But this is the straight forward constellation if the primary key column is used to build the aggregate values. This will be different if we don't want the highest Id, but the latest year.
SELECT x.g_ID, x.f_ID, f.year, f.director, f.title
FROM belong_to x INNER JOIN films f ON x.f_ID = f.f_ID
INNER JOIN
(SELECT x.g_ID, max(x.f_ID) as max_id, max(f.year) AS max_year
FROM belong_to x INNER JOIN films f ON x.f_ID = f.f_ID
GROUP BY x.g_ID) m ON x.g_ID = m.g_id AND f.year = m.max_year
GO
g_ID f_ID year director title
----- ------- ------ -------------------- -----------------
suk 7 1949 Jean Cocteau Orphée
fn 19 1992 Steven Soderbergh Kafka
wes 29 1995 Jim Jarmusch Dead Man
sc 51 1995 Woody Allen Mighty Aphrodite
nv 66 1994 Gianni Amelio Lamerica
cb 78 1995 Danny Boyle Trainspotting
ndf 83 1995 Dieter Wedel Der Schattenmann
out 90 1995 Wayne Wang Blue in the Face
out 102 1995 Wayne Wang Smoke
des 111 1993 Robert Altman Short Cuts
If the data is post-processed it is very likely that the follow-up process is not able to handle double entry for genre out. windowing expressions allow us to use two columns for sorting:
SELECT g_ID, f_ID, year, director, title
FROM (
SELECT ROW_NUMBER() OVER (PARTITION BY x.g_ID ORDER BY f.year DESC, f.f_ID DESC) row_num,
x.g_ID, f.*
FROM belong_to x INNER JOIN films f ON x.f_ID = f.f_ID
) src WHERE row_num = 1
ORDER BY 2
GO
g_ID f_ID year director title
----- ------- ------ --------------------- -----------------------
suk 7 1949 Jean Cocteau Orphée
fn 19 1992 Steven Soderbergh Kafka
wes 29 1995 Jim Jarmusch Dead Man
sc 51 1995 Woody Allen Mighty Aphrodite
nv 66 1994 Gianni Amelio Lamerica
cb 78 1995 Danny Boyle Trainspotting
ndf 83 1995 Dieter Wedel Der Schattenmann
out 102 1995 Wayne Wang Smoke
des 111 1993 Robert Altman Short Cuts
Another approach uses CROSS APPLY, but this time the genre out is completely missing from the list:
SELECT g.g_ID, src.f_ID, src.year, src.director, src.title,
FROM genres g CROSS APPLY
(SELECT TOP(1) b.g_ID, b.f_ID, f.year, f.director, f.title
FROM belong_to b INNER JOIN films m ON b.f_ID = f.f_ID
WHERE b.g_ID = g.g_ID ORDER BY f.year DESC, b.f_ID DESC) src
GO
g_ID f_ID year director title
----- ------- ------ --------------------- ------------------------
suk 7 1949 Jean Cocteau Orphée
fn 19 1992 Steven Soderbergh Kafka
wes 29 1995 Jim Jarmusch Dead Man
sc 51 1995 Woody Allen Mighty Aphrodite
nv 66 1994 Gianni Amelio Lamerica
cb 78 1995 Danny Boyle Trainspotting
ndf 83 1995 Dieter Wedel Der Schattenmann
des 111 1993 Robert Altman Short Cuts
Oracle implements dynamic SQL with the help of the PL/SQL procedural language.

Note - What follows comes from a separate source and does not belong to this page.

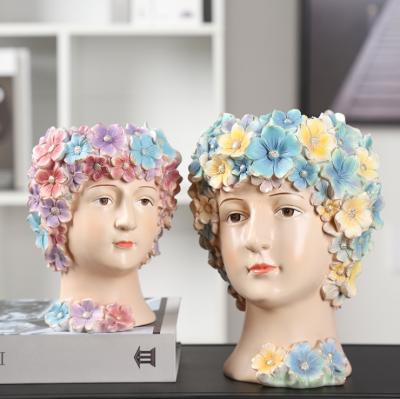 China Worldwide New Design 2021 Resin Woman Flower Vase For Main Household And Indoor Decoration for sale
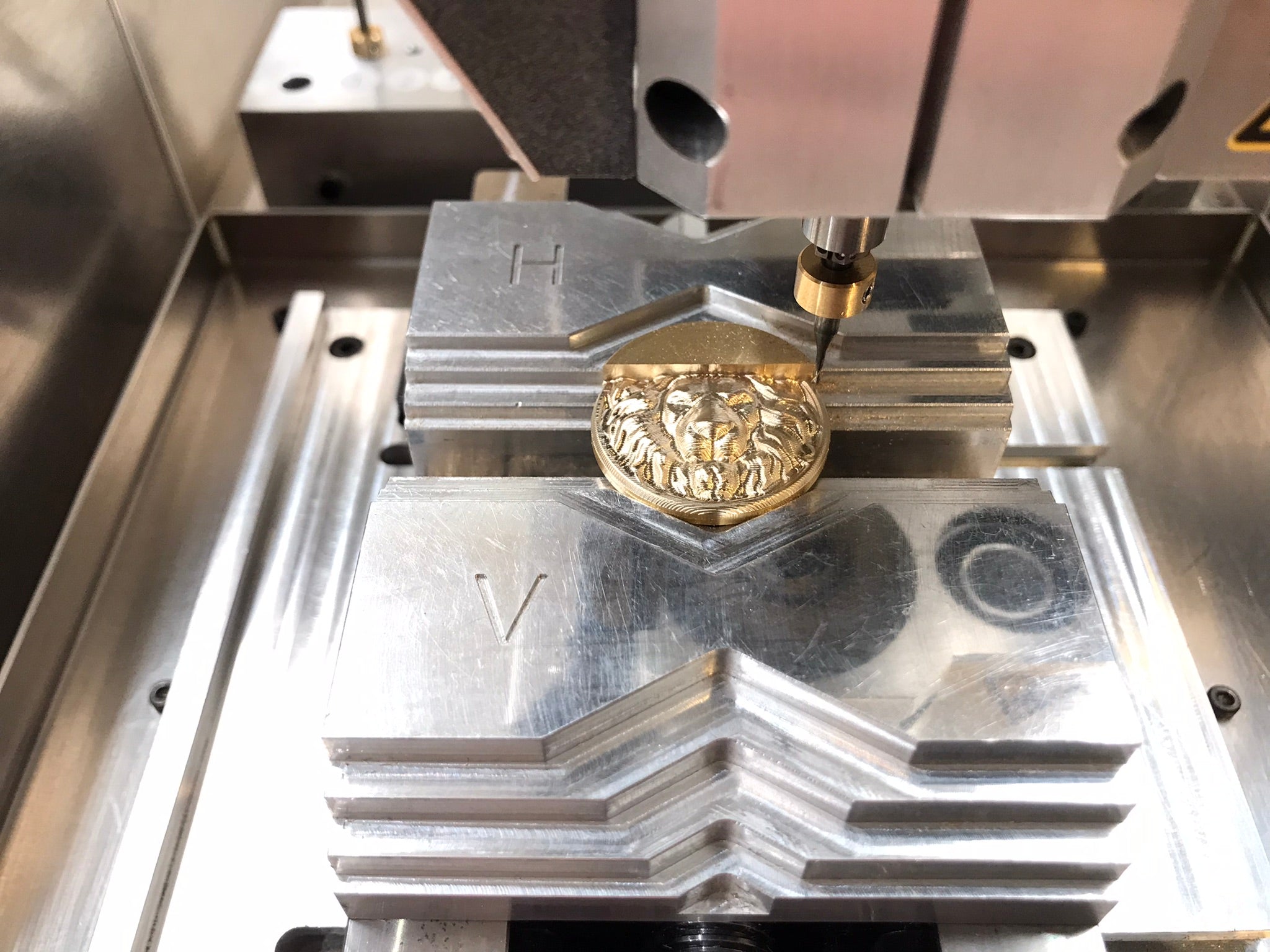 Load video: milling machine for jewelry Veromill 3D engravings and relief milling in finest quality. Here a 3D engraving of a lion head. CAM software: Fusion 360 and STL model Finest and reflective surfaces, which no longer need to be reworked!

And it supports two types of dynamic SQL:
BEGIN
v_stmt := 'SELECT id, title, director FROM dvds WHERE year BETWEEN :x AND :y';
h_cursor := DBMS_SQL.OPEN_CURSOR;
DBMS_SQL.PARSE(h_cursor, v_stmt, DBMS_SQL.NATIVE);
-- Input variables
DBMS_SQL.BIND_VARIABLE(h_cursor, ':x', v_oldest);
DBMS_SQL.BIND_VARIABLE(h_cursor, ':y', v_youngest);
-- output variables
DBMS_SQL.DEFINE_COLUMN(h_cursor, 1, v_idr);
DBMS_SQL.DEFINE_COLUMN(h_cursor, 2, v_title, 40);
DBMS_SQL.DEFINE_COLUMN(h_cursor, 3, v_director, 30);
v_ignore := DBMS_SQL.EXECUTE(h_cursor);
LOOP
IF DBMS_SQL.FETCH_ROWS(h_cursor) > 0
THEN
-- get column values of the row
DBMS_SQL.COLUMN_VALUE(h_cursor, 1, v_id);
DBMS_SQL.COLUMN_VALUE(h_cursor, 2, v_title);
DBMS_SQL.COLUMN_VALUE(h_cursor, 3, v_director);
ELSE
EXIT; -- No more rows to copy:
END IF;
END LOOP;
DBMS_SQL.CLOSE_CURSOR(h_cursor);
END;
Using the OPEN FOR statement and a cursor variable can do the same and is a lot easier (The cursor variable is the type of variable for storing result set like data that we were missing in the above approach):
DECLARE
-- Cursor is only needed to easily create a record for the dynamic cursor
CURSOR cur_spec IS SELECT id,title,director FROM dvds;
rec_movie cur_spec%ROWTYPE;
v_cursor SYS_REFCURSOR;
BEGIN
v_from := 1956;
v_until := 2000;
v_stmt := 'SELECT id,title,director FROM dvds WHERE year BETWEEN :x AND :y';
OPEN v_cursor FOR v_stmt USING v_from, v_until;
LOOP
FETCH v_cursor INTO rec_movie;
EXIT WHEN v_cursor%NOTFOUND;
dbms_output.put_line( 'Movie: ' || rec_movie.title);
END LOOP;
CLOSE v_cursor;
END;
MySQL does this directly in the mysql terminal with the help of session variables:
mysql> set @qry = 'SELECT id, title, director, year, length FROM dvds WHERE year BETWEEN ? AND ?'; Query OK, 0 rows affected (0.02 sec) mysql> PREPARE dynsql FROM @qry; Query OK, 0 rows affected (0.01 sec) Statement prepared mysql> set @oldest = 1967; mysql> set @youngest = 1976; mysql> EXECUTE dynsql USING @oldest,@youngest; +----+----------------------------+----------------------+------+--------+ | id | title | director | year | length | +----+----------------------------+----------------------+------+--------+ | 24 | Spiel mir das Lied vom Tod | Sergio Leone | 1968 | 159 | | 27 | Badlands | Terence Malick | 1973 | 90 | | 58 | The Wild Bunch | Sam Peckinpah | 1969 | 139 | | 71 | Hundstage | Sidney Lumet | 1975 | 119 | +----+----------------------------+----------------------+------+--------+ 4 rows in set (0.00 sec) mysql> set @youngest = 1971; mysql> EXECUTE dynsql USING @oldest,@youngest; mysql> DEALLOCATE PREPARE dynsql;
(see also Information for MySQL Migrations: Triggers and Stored Procedures)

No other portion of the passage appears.